- Exercise objective
Could you give back the records exactly, taking out the pictures?

- Short descriptive text snippets
*** Begin section ***

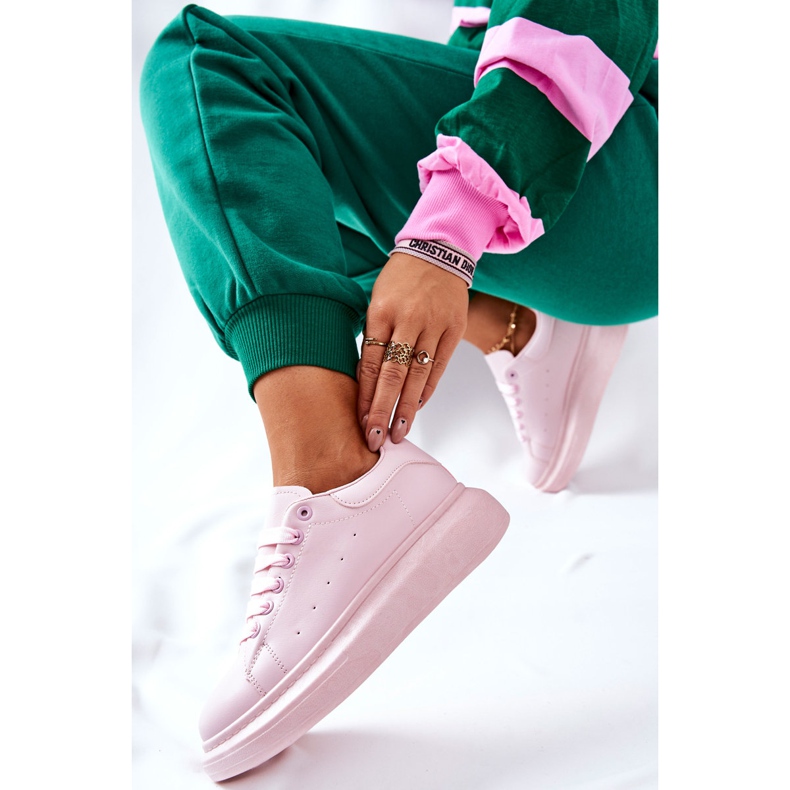 Kožne sportske cipele na ružičastoj Lemmy platformi ružičasta 1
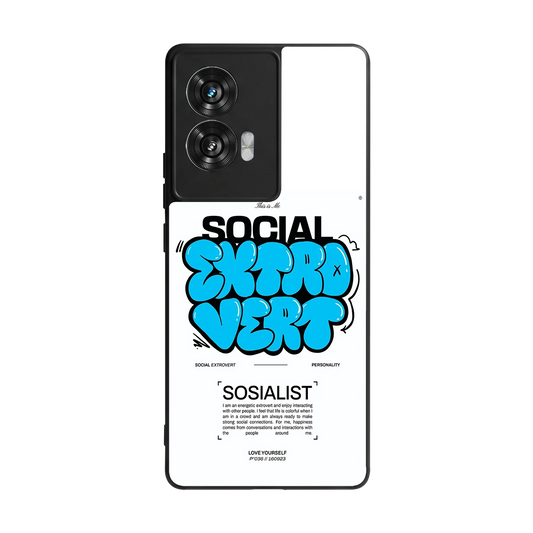 Social Extrovert back phone cover | glass case for motorola edge 50 fusion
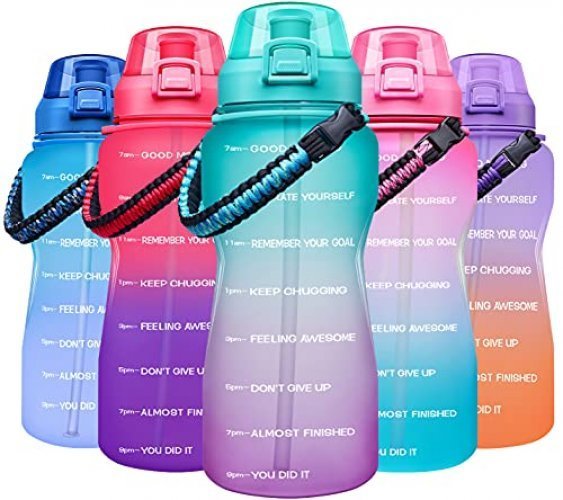  LAOION Half Gallon Water Bottle with Storage Sleeve.64 OZ  Reusable Large Gym water Jug with Leak Proof Straw Lid. Big Sports Jug with  Motivational Time Marker and Handle for Men 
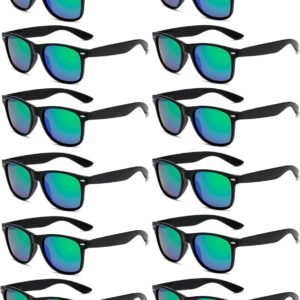12-Pack Wayfarer Sunglasses - Black Frame, Green Mirrored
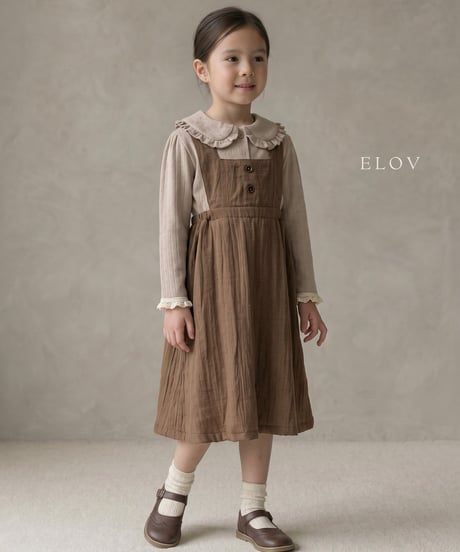 14[予約]elov&monpetitbebe pleated apron ops
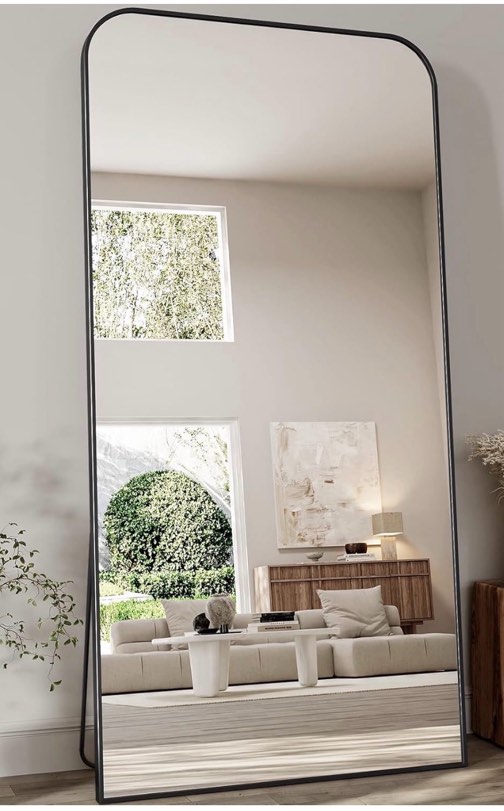 Lay Look at You Oversized Mirror 78 x 39 Black Frame Aluminum Explosion-Proof Glass Full-Lenght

*** End section ***

- Result for this exercise
 Kožne sportske cipele na ružičastoj Lemmy platformi ružičasta 1
 Social Extrovert back phone cover | glass case for motorola edge 50 fusion
  LAOION Half Gallon Water Bottle with Storage Sleeve.64 OZ  Reusable Large Gym water Jug with Leak Proof Straw Lid. Big Sports Jug with  Motivational Time Marker and Handle for Men 
12-Pack Wayfarer Sunglasses - Black Frame, Green Mirrored
 14[予約]elov&monpetitbebe pleated apron ops
 Lay Look at You Oversized Mirror 78 x 39 Black Frame Aluminum Explosion-Proof Glass Full-Lenght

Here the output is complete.